Wednesday, 18 April 2012, 14:00-15:30
Grand Union Hotel, Ljubljana, Slovenia
Co-chairs: Niall O'Reilly, Carsten Schiefner

A: Administrivia

Welcome, Scribe, Jabberwok, Microphone etiquette, Agenda

The ENUM WG Co-chair announced that items D.1 and D.2 would swap in the agenda.

B: Minutes of previous meeting

The minutes from RIPE 63 were approved.

C: Review Action List

ENUM-AP-63.1 - [OPEN] Denesh Bhabuta, Peter Szegedi: Contact ENUM operators‚ brainstorming among ENUM operators


ENUM-AP-63.2 - [DONE] Niall O'Reilly: Move the enumdata.org website

D: Main presentations

(Items D.1 and D.2 switch places on the agenda)

 

D.1 ENUM alternatives - Alexander Mayrhofer, enum.at

The presentation is available at:
https://ripe64.ripe.net/presentations/151-RIPE64-ENUM.pdf

Peter Koch, DENIC, referring to slide 6, asked why ENUM validation is a failure and if it didn't work as expected and if people got their numbers hijacked.

Alexander replied that it was a failure from the market perspective, it was too complex. It turned away most of the users. It worked where the carrier had the valid information.

Peter commented that that was only one perspective.

Alexander replied that that was his take on it.

Carsten Schiefner, ENUM WG Co-chair, asked if it was really the case that the validation part was complex and over engineered. He added that from his point of view, ISPs were not in a position to easily make money out of that technology. He said that it reminded him of turbo chargers and wondered if there's a consumer market for it. He added that he doesn't blame the delegation part but the inability to come up with attractive use case scenarios.

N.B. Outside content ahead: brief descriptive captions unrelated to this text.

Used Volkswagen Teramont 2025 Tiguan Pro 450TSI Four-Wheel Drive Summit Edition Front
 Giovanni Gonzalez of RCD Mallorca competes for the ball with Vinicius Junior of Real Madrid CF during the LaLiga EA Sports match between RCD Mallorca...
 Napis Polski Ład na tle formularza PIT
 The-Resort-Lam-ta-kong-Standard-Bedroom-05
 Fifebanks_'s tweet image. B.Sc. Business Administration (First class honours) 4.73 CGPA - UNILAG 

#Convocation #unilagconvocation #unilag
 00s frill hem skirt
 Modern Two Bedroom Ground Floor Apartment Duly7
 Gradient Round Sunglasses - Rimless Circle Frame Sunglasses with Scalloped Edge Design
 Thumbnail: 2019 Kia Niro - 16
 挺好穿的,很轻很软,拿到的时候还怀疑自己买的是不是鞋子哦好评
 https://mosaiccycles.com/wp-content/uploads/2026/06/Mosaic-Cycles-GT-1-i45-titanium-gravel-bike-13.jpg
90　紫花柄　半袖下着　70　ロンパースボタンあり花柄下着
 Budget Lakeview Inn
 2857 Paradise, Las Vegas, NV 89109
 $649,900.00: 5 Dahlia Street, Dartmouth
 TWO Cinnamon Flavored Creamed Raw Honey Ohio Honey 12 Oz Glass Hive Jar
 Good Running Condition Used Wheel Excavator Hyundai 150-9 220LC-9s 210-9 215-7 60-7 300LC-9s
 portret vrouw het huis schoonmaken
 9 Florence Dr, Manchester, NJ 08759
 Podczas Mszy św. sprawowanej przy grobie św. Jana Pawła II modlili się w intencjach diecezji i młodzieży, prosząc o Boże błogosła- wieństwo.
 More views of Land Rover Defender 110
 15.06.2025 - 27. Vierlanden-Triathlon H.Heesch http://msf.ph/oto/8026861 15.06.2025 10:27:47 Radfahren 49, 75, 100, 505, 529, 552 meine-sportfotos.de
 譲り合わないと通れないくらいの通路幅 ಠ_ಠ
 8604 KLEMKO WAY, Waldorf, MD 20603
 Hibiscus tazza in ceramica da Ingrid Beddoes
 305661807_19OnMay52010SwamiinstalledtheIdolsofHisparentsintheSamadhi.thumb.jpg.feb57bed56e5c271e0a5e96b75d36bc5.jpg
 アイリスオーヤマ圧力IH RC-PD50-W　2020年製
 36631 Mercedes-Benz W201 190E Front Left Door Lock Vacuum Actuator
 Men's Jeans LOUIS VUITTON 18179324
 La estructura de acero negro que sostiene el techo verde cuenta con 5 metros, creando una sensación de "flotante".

Alexander clarified that he meant to mix the technical and administrative things in the first slides.

Robert Schischka, nic.at, commented that Alexander was right about the products not being the problem but that they tried to make validation as market neutral as possible. He added that it is very nice technically, but no one took the chance at the market. Too much effort has been spent making something that doesn't meet the market requirements.

 

D.2 XConnect/DE-CIX NGN Peering Co-op - Wolfgang Tremmel, DE-CIX

The presentation is available at:
https://ripe64.ripe.net/presentations/93-e-wtklxc-RIPEGlobalVoix-003.pdf

Alexander Mayrhofer, enum.at, asked if they did other modifications on the ENUM query string to carry the source and destination phone.

Andrew Cooper, XConnect, (via Skype) replied that no, what's important is that the services know other information beyond the standard ENUM. We need to know the A number, the user agent and lots of other potential data we would get from a normal SIP header. We put a dot notation in front of the standard ENUM number. This is only internal and has the standard ENUM query format in reverse dot notation. SIP gives you all the information you would ever want, but is a much heavier protocol. He added that the question is really, is this where ENUM is going and is it going to give us enough information, or should we just go with SIP.

Carsten Schiefner asked how many service providers do they have on board already in Germany and what he sees for the foreseeable future.

Wolfgang replied that they are planning to roll out in July. They had a meeting with their first customers. Thirty were present and that's the size they'd like to start with. They are targeting 50-100 customers.

Carsten asked if it was internationally.

Andrew Cooper replied that XConnect has about 150 service providers connected for various services. He said that the tough question was how many numbers does that constitute. He said they have the North American number portability Database in their network and it's a lot of numbers.
He added that the industry itself is only just coming around to real true VoIP interconnect. It's still a tier 2 or 3 thing to do, but now you see many more tier 1. He said he thinks it'll grow very quickly. Eighty percent of voice is national, which is why they work with companies like DECIX to provide high quality nationally. So there are two markets. The IPX providers are generally focused on the international market and they look at the national markets and linking them.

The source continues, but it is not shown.